Clergy abuse and human rights
Saturday, September 18th, 2010I blogged some 18 months ago about having gone to hear Geoffrey Robertson promote his book The Statute of Liberty, and the musing about that which followed. What I didn’t mention in that blog entry was that I had asked Robertson a question afterwards about how human rights legislation might be used to provide justice for victims of clergy abuse. Robertson, in the midst of a long queue of book signings, gave an off-the-cuff answer which, let me admit it frankly, I found somewhat disappointing at the time. A moment’s logical thought, though, told me I couldn’t really have expected much more in the circumstances. And so I didn’t.
But it seems now that asking him that question may have sparked some thought about it on his part, to judge by these public statements by Robertson since:
Pope must answer for crimes against humanity
Robertson wants Pope to resign over child abuse
and even more fully in his new book, The Case of the Pope: Vatican Accountability for Human Rights Abuses (see review)

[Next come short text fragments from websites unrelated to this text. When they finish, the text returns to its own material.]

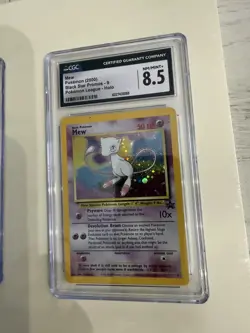 CGC 8.5 NM/ MINT + Pokemon Mew #9 Holo Black Star Promo 2000 League Rare - Image 1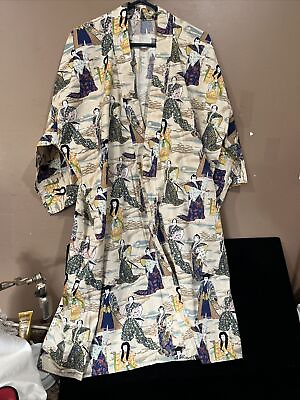 #ad Vintage Oriental Kimono Robe Cottonm $19.95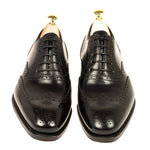 Carmina Shell Cordovan Oxfords 922 Rain Black
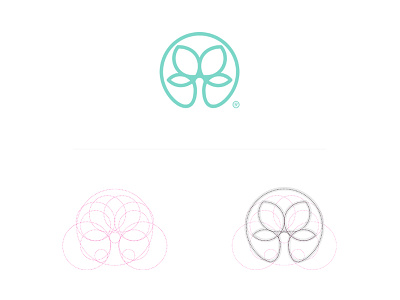 Symmetree branding circles geometry icon logo logomark minimal process shapes symmetry tree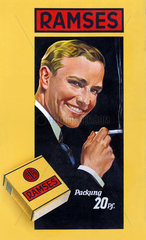Ramses Zigaretten  Werbeplakat  1935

I confess to being somewhat chuffed if my question 18 months ago brought two such significant things as clergy abuse and the attention of Robertson together. But while I accept that the Catholic Church is in a somewhat peculiar position in terms of its claim to statehood, I hope that Robertson won’t confine his attentions to the Catholic denomination alone. Anglicans, after all, claim the Queen as the head of their church, and she vowed at her coronation to “maintain and preserve inviolably the settlement of the Church of England, and the doctrine, worship, discipline, and government thereof, as by law established in England”; does that mean victims of Anglican clergy could accuse the Queen of supporting human rights abuses – or, at the very least, turning a blind eye to them? Will Robertson come to the aid of clergy abuse victims of other denominations and argue that ALL clergy sexual abuse (and its cover-up) is an abuse of human rights under international law?